What restrainers really protest is the belief that the United States ought to try to rule the world in perpetuity. They say that is a doomed strategy, and they’re right. And what some primacists really defend is not superiority per se but as a calibrated (and usually collective) means to advance certain American interests and values in the belief that security is indivisible – geographically as well as functionally – across economic, military, political, and social relations. That does not necessarily mean what is good for Americans is good for everyone else; rather, that it is not possible to disaggregate the elements of security from one another and survive in an interdependent world.
Under these circumstances, it is no surprise that primacists seek to shift the terms of debate back to values and revert to a more familiar, loaded term: “isolationism.” Just as the promoters of liberal hegemony seek to absolve themselves of the legacies of imperialism (forgetting perhaps that hegemony was once called “imperialism with good manners”), it is also no surprise, given its association with appeasement in the years before the Second World War, that most restrainers strongly denounce isolationism, insisting that they are every bit as “internationalist” as their critics, the difference being that they seek peace rather than domination.
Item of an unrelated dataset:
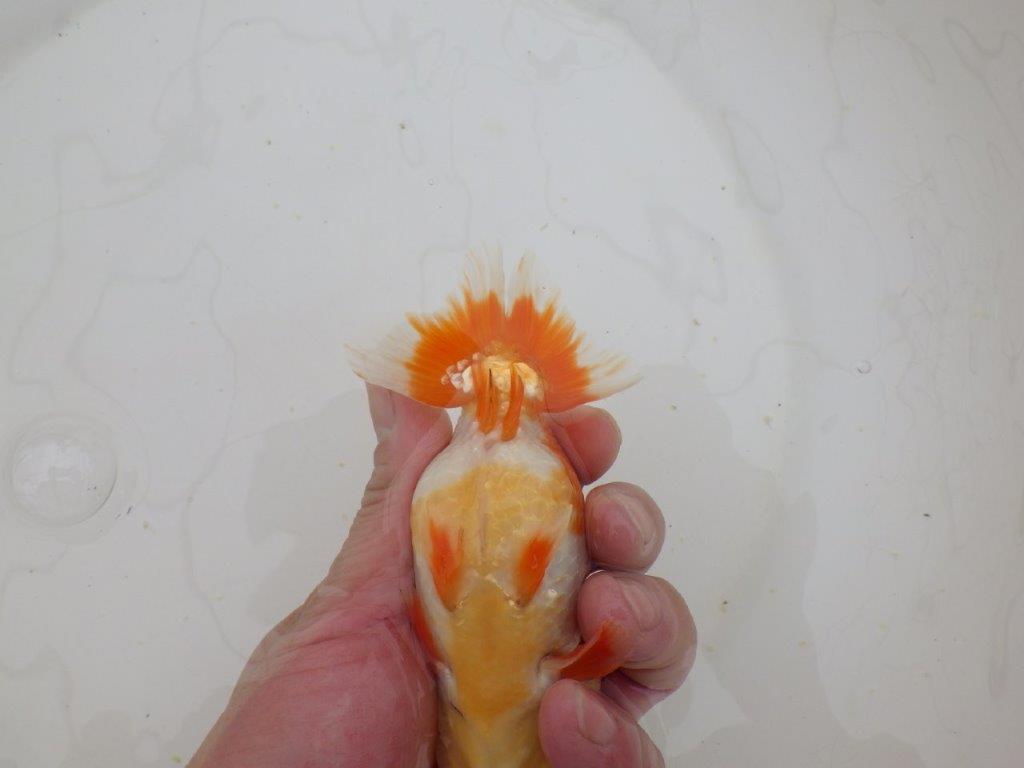 【山田芳人氏】明け二歳らんちゅう 背腰が綺麗で水槽映えする更紗約13㎝オス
American isolationism was more complex, however, than its detractors then or now recognize. Isolationism rejected not internationalism but interventionism, and specifically military intervention in foreign conflicts. Few of the people once known as isolationists sought actual isolation behind two oceans. They sought instead to shift the emphasis of foreign policy away from such intervention and perceived entanglement. One of their spokesmen, Senator Arthur Vandenberg, said he preferred the term “insulationist.” Like today’s restrainers, Vandenberg’s generation of isolationists also sought peace, neutrality, and independence, along with, for some, a nostalgic return to the “Era of Good Feelings” of the early 19th century when John Quincy Adams was the Secretary of State.
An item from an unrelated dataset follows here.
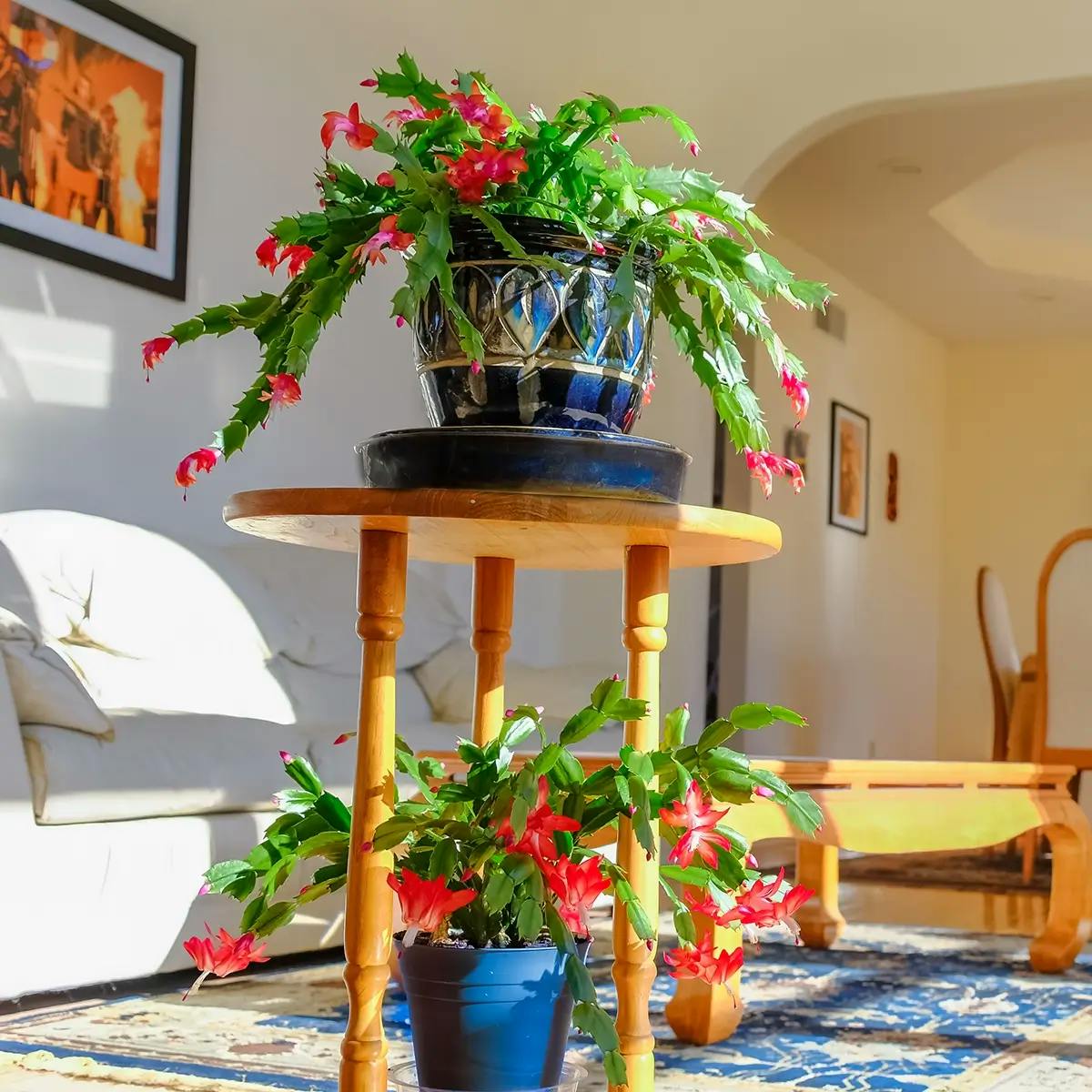 Two red Christmas cacti in decorative Mexican pots, on shelves in the living room in indirect sunlight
The scholar and diplomat George Kennan (who, incidentally, didn’t think much of the term “grand strategy”) once wrote that there are just two types of isolationist: those who “hold the outside world too unimportant or wholly wicked and therefore not worth bothering about” and “those who distrust the ability of the United States Government, so constituted and inspired as it is, to involve itself to any useful effect in most foreign situations.” Kennan admitted to being of the second type. That was one of the reasons Kennan’s career as a professional diplomat lasted half as long as his career as a scholar.
Primacy is a state of affairs. Restraint is an attitude. Neither, strictly speaking, is a strategy. To the extent the United States has ever had a “grand strategy,” it remains remarkably similar to the one that Woodrow Wilson half-sold to the world a century ago: that the world must be made safe for democracy, which is to say, a world whole, free, and at peace.
At least, that’s the principle. Many countries repudiated it in practice, but it has proceeded nonetheless in forms of collective security, economic integration, and cultural understanding. Its progression has not been universal, as Wilson may have hoped, but piecemeal, region by region: in much of the Western Hemisphere, in Europe, and in some parts of Africa and Asia during the second half of the 20th century. It should still be allowed to proceed there and in other regions, and globally, with American help. People of goodwill on both sides of the debate should welcome it.
So, yes, let’s end “endless wars” and enhance peaceable diplomacy around the world. But let us not at the same time renounce by redefinition America’s international responsibilities and its capacity for wise, moral leadership. The American people and the country’s survival depend on it.